Their banter, laced with profanity and musical references, occupies much of the first 30 minutes of “Pass Over,” establishing (with all too transparent nods to the Old Testament) the landscape on which Moses plots their exodus. This is an authoritarian precinct ruled by racist cops. It’s left to Ebert’s clownishly clueless White dude, Mister, who wanders onto their block toting a Little Red Riding Hood basket of gourmet goodies, to define just how detached is the White world from Moses and Kitch’s claustrophobic existence.
As in “Godot,” there is hardly any plot in “Pass Over”; the title itself is a biblical double entendre. The play instead comes across as the embodiment of an escalating frustration over how to make Black lives matter. In Timberland boots and secondhand Nikes, Moses and Kitch occupy themselves through the perpetual night imagining the things they’d own in their promised land. In the here and now, the only riches they have are each other, and language. When Ebert’s Mister painfully inquires about their use of a certain racial epithet — and why if he isn’t allowed to say it, they can? — Moses replies, poignantly:
“Because . . . it’s not yours. You feel me?
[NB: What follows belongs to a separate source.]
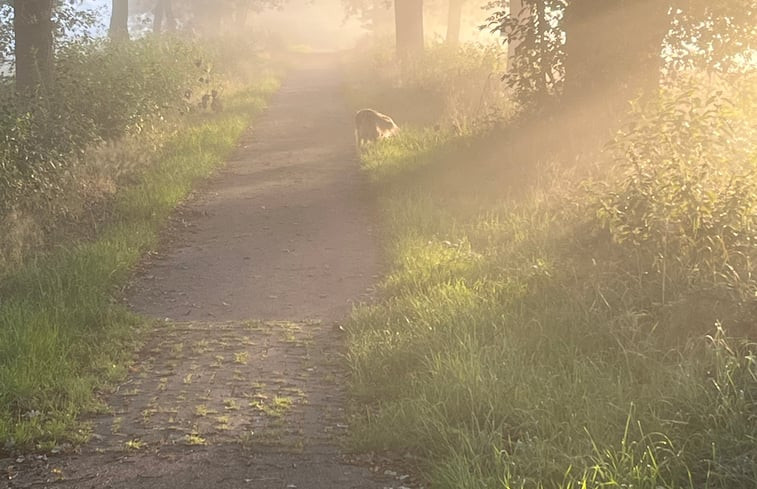 Natuurhuisje in Doldersum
Good or bad, it’s not yours.”
The magnetic Hill and Smallwood infuse Moses and Kitch with exuberant physicality; though they create distinct characters, the ineffable, mutual dependence they conjure is their chief accomplishment. Ebert applies a freewheeling buffoonery to Mister and, later, an opposite dimension of cruel menace to his other role, a policeman who under stress will undergo a dramatic conversion.
“Pass Over” has itself experienced a conversion since its original production in Chicago in 2017, which was later filmed by Spike Lee, and also was produced off-Broadway, by Lincoln Center Theater. Nwandu has rewritten the ending, which will not be recounted here, except to say it sends an audience home to reflect on possibility rather than bleak inevitability. The playwright has said her mother told her the original conclusion was too dispiriting. Which in the case of this successful Broadway evening goes to show: It pays to listen to your mom.
Pass Over, by Antoinette Chinonye Nwandu. Directed by Danya Taymor. Costumes, Sarafina Bush; lighting, Marcus Doshi; sound, Justin Ellington. About 95 minutes. Tickets: $39-$149. Through Oct. 10 at August Wilson Theatre, 245 W. 52nd St., New York. passoverbroadway.com. Note: Proof of vaccination and masks are required.